## WHAT TO DO
Set down exactly the lines from the one containing "May include: A" through the last line of the data below, and no others.

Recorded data
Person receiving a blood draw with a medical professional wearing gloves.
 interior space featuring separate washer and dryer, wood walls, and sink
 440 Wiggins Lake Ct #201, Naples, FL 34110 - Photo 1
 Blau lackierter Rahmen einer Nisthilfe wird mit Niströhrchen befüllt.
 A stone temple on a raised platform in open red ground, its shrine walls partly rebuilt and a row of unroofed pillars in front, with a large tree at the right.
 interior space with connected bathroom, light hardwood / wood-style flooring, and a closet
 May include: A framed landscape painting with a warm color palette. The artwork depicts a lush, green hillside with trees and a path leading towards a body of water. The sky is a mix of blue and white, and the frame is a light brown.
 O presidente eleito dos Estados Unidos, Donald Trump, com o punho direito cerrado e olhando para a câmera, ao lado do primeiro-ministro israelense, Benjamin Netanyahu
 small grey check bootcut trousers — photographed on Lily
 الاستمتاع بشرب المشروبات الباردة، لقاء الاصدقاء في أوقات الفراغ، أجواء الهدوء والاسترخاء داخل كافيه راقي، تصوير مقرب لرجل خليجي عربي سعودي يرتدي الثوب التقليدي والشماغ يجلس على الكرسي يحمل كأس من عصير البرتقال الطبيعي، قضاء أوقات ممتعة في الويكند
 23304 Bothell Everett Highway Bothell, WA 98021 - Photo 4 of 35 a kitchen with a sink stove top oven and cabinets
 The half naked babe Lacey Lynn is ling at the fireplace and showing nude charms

## TASK RESPONSE
 May include: A framed landscape painting with a warm color palette. The artwork depicts a lush, green hillside with trees and a path leading towards a body of water. The sky is a mix of blue and white, and the frame is a light brown.
 O presidente eleito dos Estados Unidos, Donald Trump, com o punho direito cerrado e olhando para a câmera, ao lado do primeiro-ministro israelense, Benjamin Netanyahu
 small grey check bootcut trousers — photographed on Lily
 الاستمتاع بشرب المشروبات الباردة، لقاء الاصدقاء في أوقات الفراغ، أجواء الهدوء والاسترخاء داخل كافيه راقي، تصوير مقرب لرجل خليجي عربي سعودي يرتدي الثوب التقليدي والشماغ يجلس على الكرسي يحمل كأس من عصير البرتقال الطبيعي، قضاء أوقات ممتعة في الويكند
 23304 Bothell Everett Highway Bothell, WA 98021 - Photo 4 of 35 a kitchen with a sink stove top oven and cabinets
 The half naked babe Lacey Lynn is ling at the fireplace and showing nude charms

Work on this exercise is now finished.